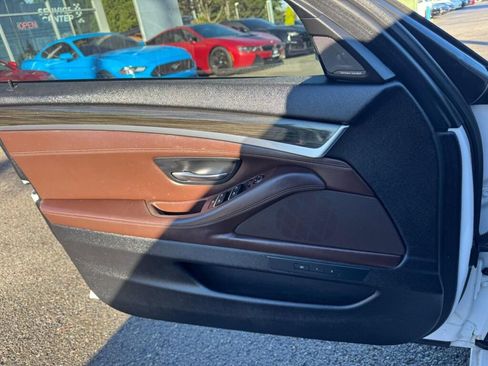 Used 2016 BMW 535i Sedan image 13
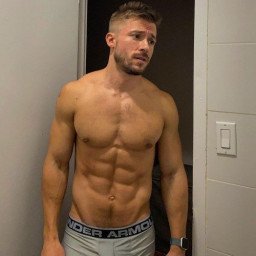 Photo by Nickplus33 with the username @Nickplus33, who is a verified user,  September 25, 2023 at 3:08 AM and the text says '#toned #youngdilf #beard #ripped'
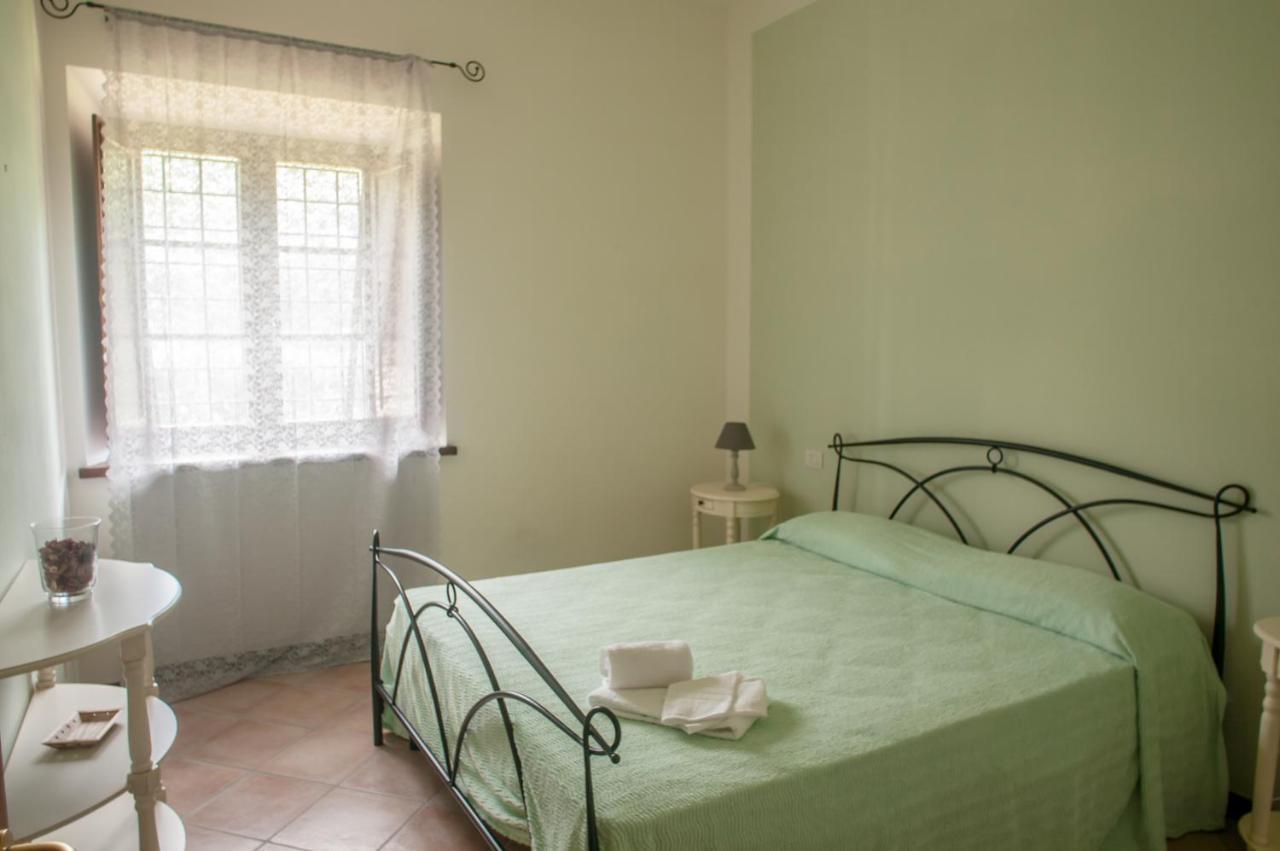Casale La Fata: Tuscan Hillside Retreat with Independent Apartments Camaiore Exterior photo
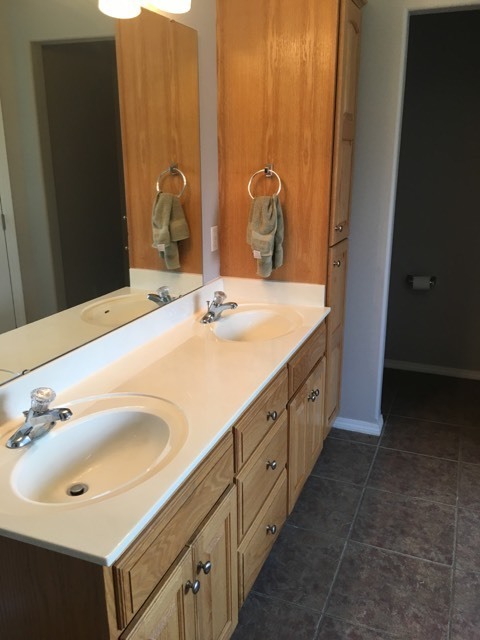 Building Photo - 3 Bedroom Home in Wonderful Neighborhood!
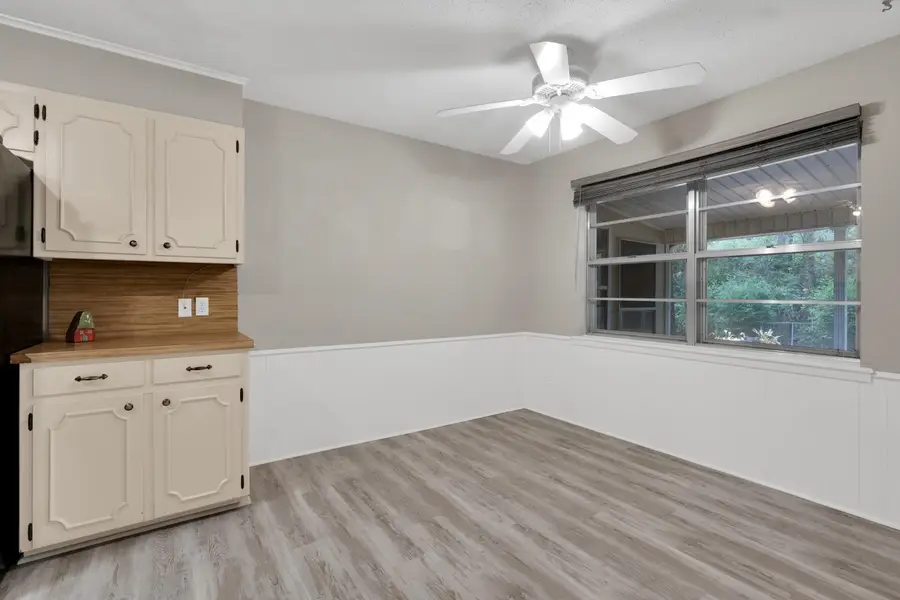 2807 Sherwood Dr., Longview, TX 75605 - #3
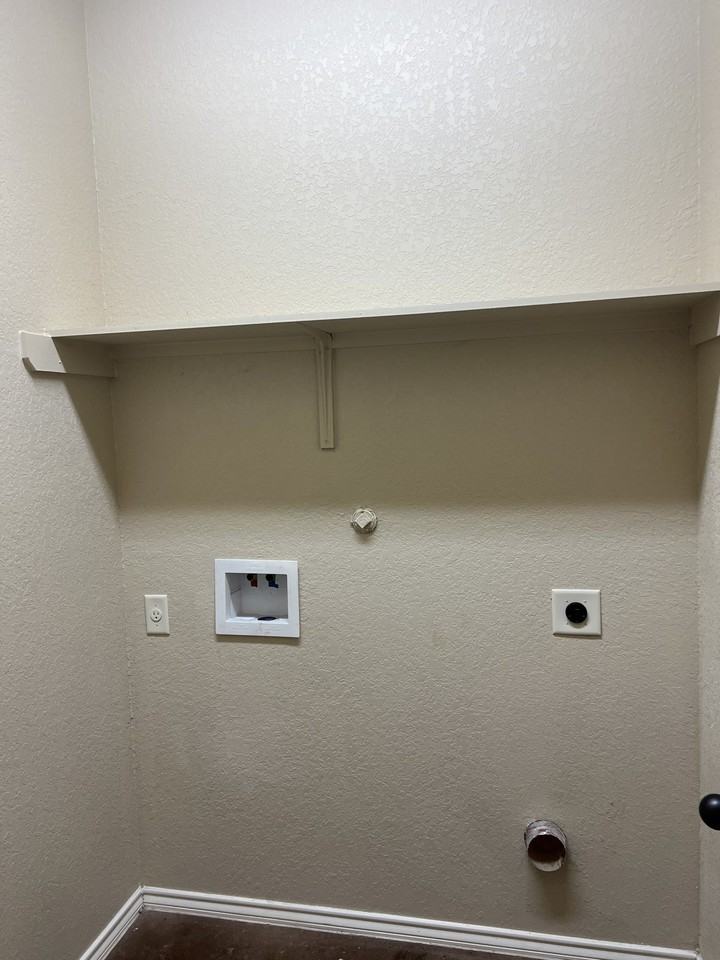 2596 Pahmeyer Rd - Photo 5 of 30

☆ ☆ ☆ ☆

Starting at the line that contains "Photo by Nickplus33", return every line through the end of the records above exactly as written, and return no pictures.

 Photo by Nickplus33 with the username @Nickplus33, who is a verified user,  September 25, 2023 at 3:08 AM and the text says '#toned #youngdilf #beard #ripped'
Casale La Fata: Tuscan Hillside Retreat with Independent Apartments Camaiore Exterior photo
 Building Photo - 3 Bedroom Home in Wonderful Neighborhood!
 2807 Sherwood Dr., Longview, TX 75605 - #3
 2596 Pahmeyer Rd - Photo 5 of 30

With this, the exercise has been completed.